[WIP][SPARK-27463][PYTHON] Support Dataframe Cogroup via Pandas UDFs #24965

d80tb7 · 2019-06-25T10:07:54Z

This is a rough first cut of a Pandas Udf cogroup implementation. Currently implemented is:

JVM serialisation for interleaved dataframes.
Python deserialisation for interleaved dataframes
A skeleton cogroup implementation

The code is still pretty rough with the main caveats being:

The data passing is pretty minimal (e.g. it only supports exactly two dataframes, there's no ability distinguish on the python side between key and value columns etc)
The cogroup implementation doesn't work properly in the case of grouping by a string as attribute resolution fails.

At this point I think I'd like to focus on:

Does the Data passing mechanism (i.e. the deviation from arrow streaming) make sense.
If we are going to introduce such a data passing mechanism how complex should it be?
Does the high level implementation of the cogroup here make sense.

d80tb7 · 2019-06-25T10:09:57Z

sql/core/src/main/scala/org/apache/spark/sql/execution/python/BaseArrowPythonRunner.scala

+import org.apache.spark.sql.vectorized.{ArrowColumnVector, ColumnarBatch, ColumnVector}
+
+
+abstract class BaseArrowPythonRunner[T](


This is just some common stuff that I needed for both the new Data passing mechanism and the existing (Arrow Streaming mechanism). I've broken it out her mainly because made it easier for me to track what new functionality I'd actually added. I don't think a proper solution would really have this class hierarchy.

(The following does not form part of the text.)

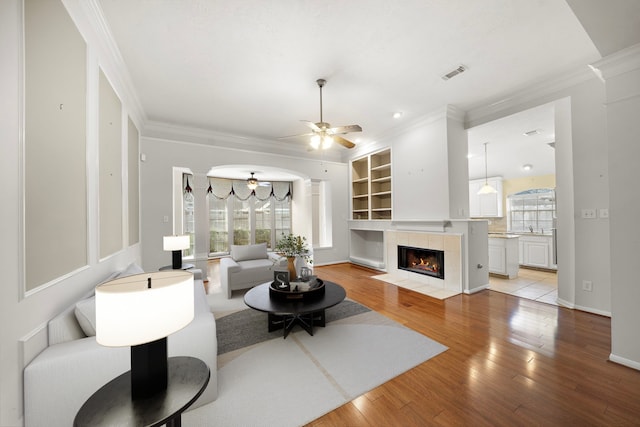 living area featuring a ceiling fan, light wood finished floors, and a healthy amount of sunlight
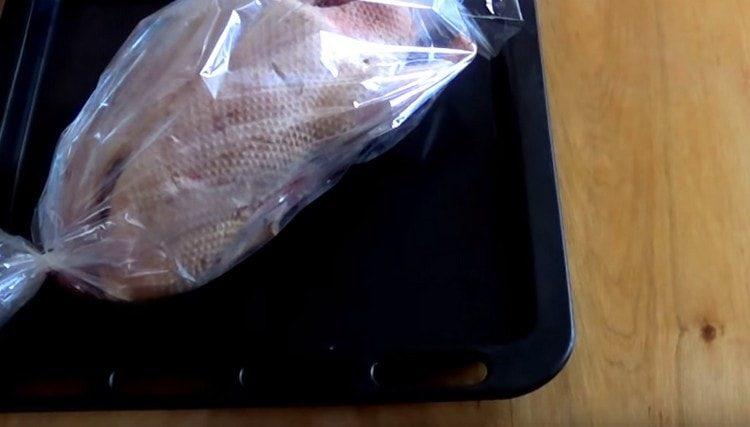 pune pasărea pe o foaie de copt și coace rața în mânecă în cuptor.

d80tb7 · 2019-06-25T10:10:32Z

sql/core/src/main/scala/org/apache/spark/sql/execution/python/InterleavedArrowWriter.scala

+import org.apache.arrow.vector.ipc.message.{ArrowRecordBatch, MessageSerializer}
+
+
+class InterleavedArrowWriter( leftRoot: VectorSchemaRoot,


this is analagous to org.apache.arrow.vector.ipc.ArrowWriter but allows for interleaved dataframes to be sent. I suspect it could all be more memory efficient if we had a different interface which allowed for left batch to be sent before right batch is loaded.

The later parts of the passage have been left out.